Pray, pray, pray . . . And listen to "Faith," by George Michael (P.S. ELI STONE on ABC, watch the pilot!).

Possible things to give up for Lent: Hitting the sleep button on my alarm clock (not getting up as soon as I hear my alarm), feeling sorry for myself, letting my laundry sit in the basket after I take it out of the dryer,

I gave up AIM one year, I think it was either 7th, 8th or 10th grade. Last year, about halfway through Lent, I decided I'd give up crushing on boys.

Hm well I haven't decided yet for this year. Que sera, sera. I'll stay away from candy for a while in case I can't think of anything else . . .

When I was young, I fell in love
I asked my sweetheart what lies ahead?
Will we have rainbows, day after day?
Here's what my sweetheart said.
Que Sera, Sera,
Whatever will be, will be
The future's not ours to see
Que Sera, Sera
What will be, will be.

French phrases of the day for Monday, Feb. 4, and Tuesday, Feb. 5:
J'ai dormi à poings fermés. "I slept like a baby." True for Monday night, not for last night or tonight.
Je me suis reveillée a l'aube ce matin. "I woke up very early this morning." Not true for Tuesday morning; will be true for Wednesday morning.

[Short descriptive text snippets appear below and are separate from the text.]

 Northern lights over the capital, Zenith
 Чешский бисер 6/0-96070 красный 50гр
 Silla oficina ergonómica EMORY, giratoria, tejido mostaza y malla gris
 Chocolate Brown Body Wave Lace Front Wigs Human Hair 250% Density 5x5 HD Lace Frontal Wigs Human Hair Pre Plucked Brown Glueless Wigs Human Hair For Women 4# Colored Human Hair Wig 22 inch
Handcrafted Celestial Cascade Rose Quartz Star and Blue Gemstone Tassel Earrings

Ooh you know what else I could give up? Putting off dropping my self-paced Italian class. I actually did some of the homework exercises last night while I was waiting for my delivery dinner. Preliminary chapter and chapter 1, out of chapters 0-4 (test next week). Um . . . or maybe just commit to pacing myself better. In everything. Gosh.

Sunday, February 3, 2008

Je suis heureuse d'être à nouvelle en ville.

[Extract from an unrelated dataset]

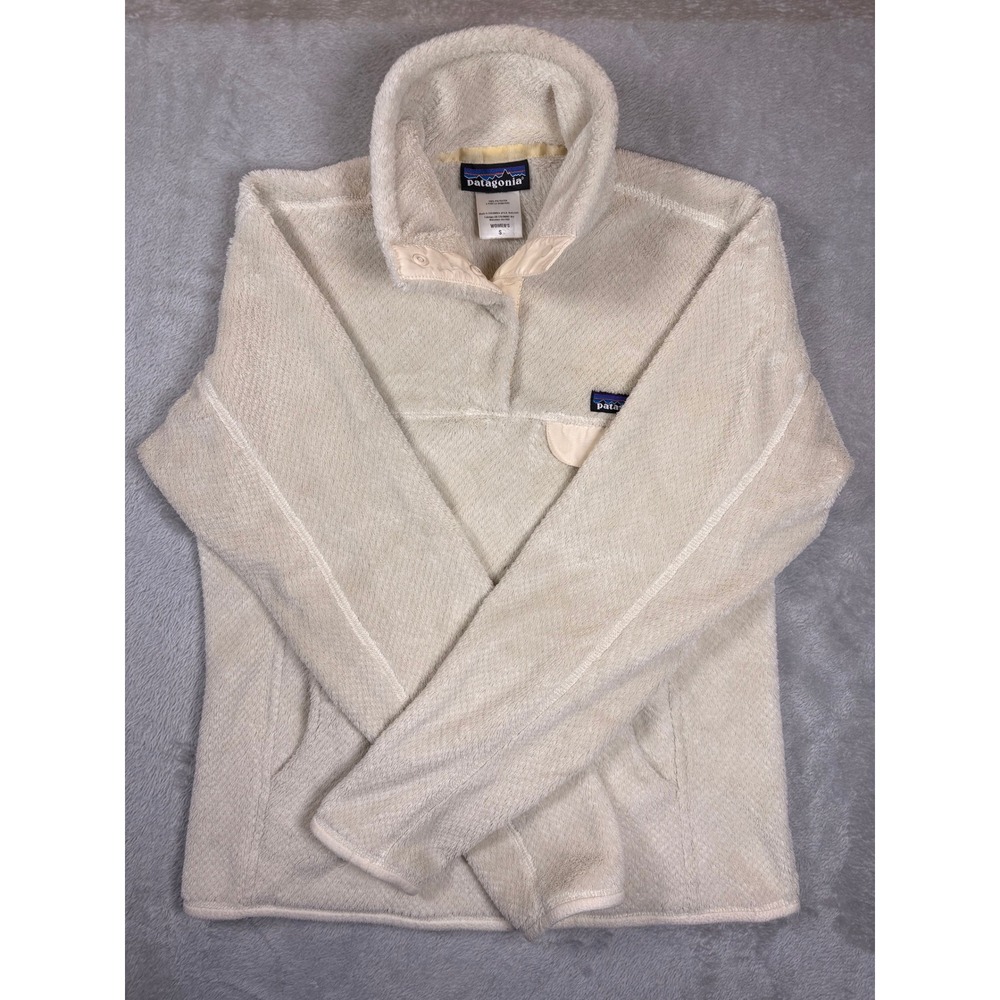 Patagonia Women's Small Cream Fleece Snap-T Pullover Jacket Synchilla
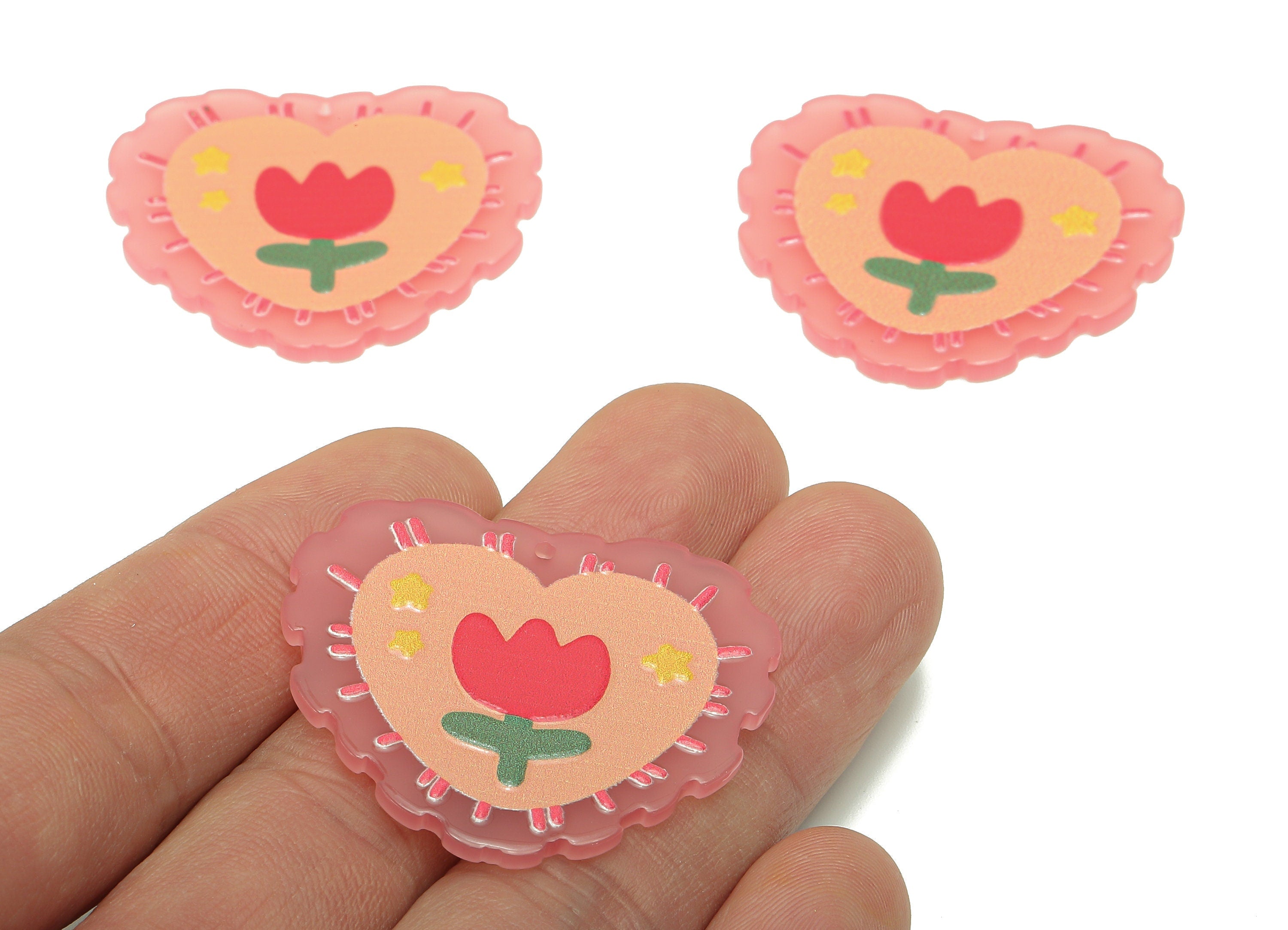 Acrylic Flower Heart Earring Charm - Red Rose Star Pink Heart Earring - Pendant With Hole - Charm For Necklace - 37.8x33x2.7mm - AC2572 - DOMEDBAZAAR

French phrase of the day for Friday, Feb. 1: "I am glad to have returned to the city."

It really occurred to me for the first time on Wednesday that I go to Carnegie Mellon. I mean, like, a weighty, aware-of-my-surroundings, aware-of-my-identity, aware-of-being-labeled-by-the-school realization. The "I'm that girl in that publicity brochure"-type of feeling. I really go to this school. I am Carrie A. Card on the CMU student IDs, I'm just another student here. For a split second, I time-warped to five, eight years from now, and imagined myself saying, Yes, I went to Carnegie Mellon. It was so odd and a little bit overwhelming.

But despite the rough start, this semester is going well, and I am most definitely glad to be back in Pittsburgh.